A laminectomy is an operation to remove some bone and ligament in order to make more room for the nerves. The bone at the back of the spine which forms part of the spinal canal is removed. The idea is similar to making a trench to unblock a pipe. The bone that is removed is not replaced, but the spine is protected by a thick layer of muscle and fascia. If the spine is stable, then removing this small amount of bone does not cause any problems. If there is instability seen on the x-rays and scans, an additional procedure called a fusion is often performed, to prevent the vertebrae moving or slipping after surgery.
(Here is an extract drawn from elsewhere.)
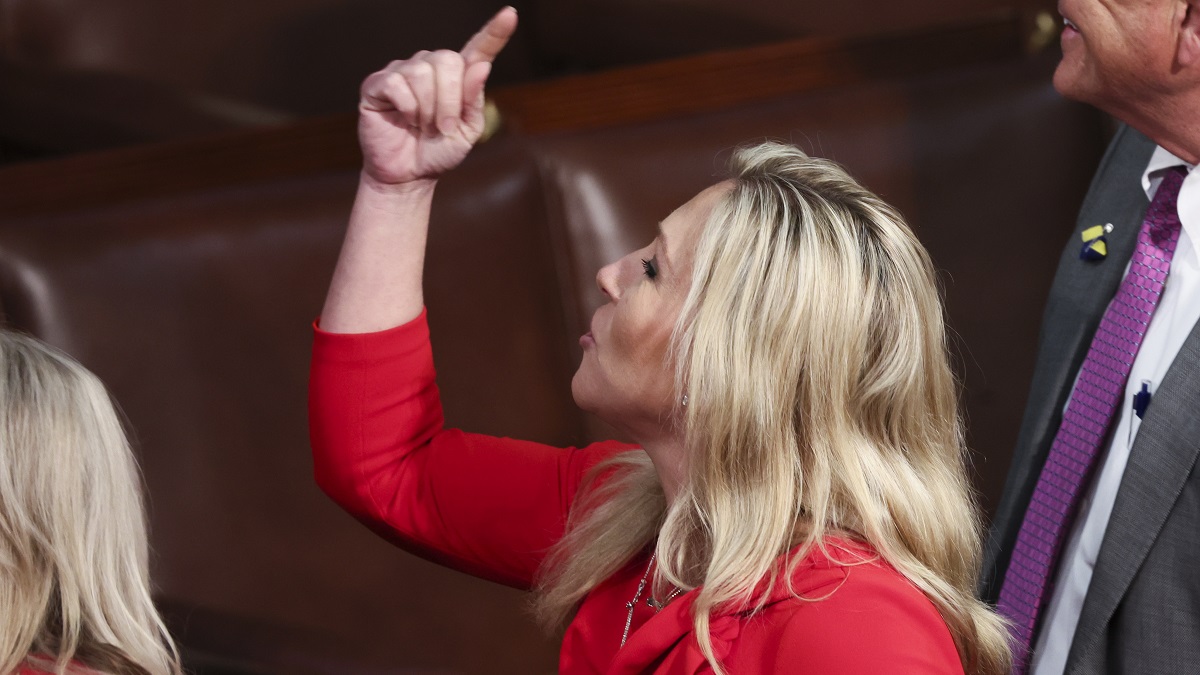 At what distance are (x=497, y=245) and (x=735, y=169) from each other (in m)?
0.90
The aim of the laminectomy surgery is to relieve leg pain. Some back pain usually continues, because the underlying degeneration or wear and tear that caused the stenosis cannot be reversed with the laminectomy operation. Most people have at least 75% improvement in their pain, and can get back to walking long distances normally.

How is it done?

You are admitted to hospital on the day of the procedure. You are given a general anaesthetic, a catheter is inserted in your bladder and you are placed on the operating table face down. The skin over your low back is cleaned. A needle is placed in your back and an x-ray is taken to make sure the correct levels are operated on. A 10 to 15 cm incision is made in the midline of your low back and the muscles are separated from the bone and held apart with a retractor. A bone drill or oscillating saw is used to cut the lamina which is the arch of bone at the back of the spine. (The number of lamina removed depends on how many levels of the spine are affected by the stenosis.) This exposes the dura (the spinal sac containing the nerves and the spinal fluid). The spurs are carefully removed along the central spinal tunnel and the small individual nerve tunnels to make sure that the nerves are no longer compressed. It is usually not necessary to remove any of the disc bulges. A drain is placed in the wound to collect any bleeding and a small tube is placed under the skin which will allow local anaesthetic to be slowly put in the wound for pain relief. The muscles and skin are closed with dissolving sutures.

What happens afterwards?

Your physiotherapist will help you get up and walk soon after the operation. The next day, the drain in your wound, your pain tube, your IV drip and your catheter will be removed. Your physiotherapist will give you advice about activity, and start an exercise programme. When your pain is controlled and you are mobile, you will be discharged, usually two or three days after surgery. After three weeks, you can drive and start going out normally. After six weeks you can get back to most of your activities gradually. You will see the physiotherapist at three weeks for more exercises, and again at six weeks when you come back to see the doctor.

What could go wrong?

You may have increased back pain which usually improves with time and exercise but may persist. You may have some residual leg pain or weakness if the nerves were damaged by the stenosis. Ongoing degeneration in nearby parts of the spine can cause new symptoms of back or leg pain. Instability between the vertebrae may develop, causing them to slip out of line, and sometimes a fusion needs to be performed at some time in the future. Unfortunately, nothing can be done at the time of surgery to prevent more degeneration in the future.

During surgery, there can be damage to the dura, causing a spinal fluid leak. This is repaired and usually causes no problems. Very occasionally a serious complication can occur during surgery or soon after, such as nerve damage, bleeding causing nerve compression, or infection. Before deciding whether to have an operation, you need to discuss these risks with your surgeon.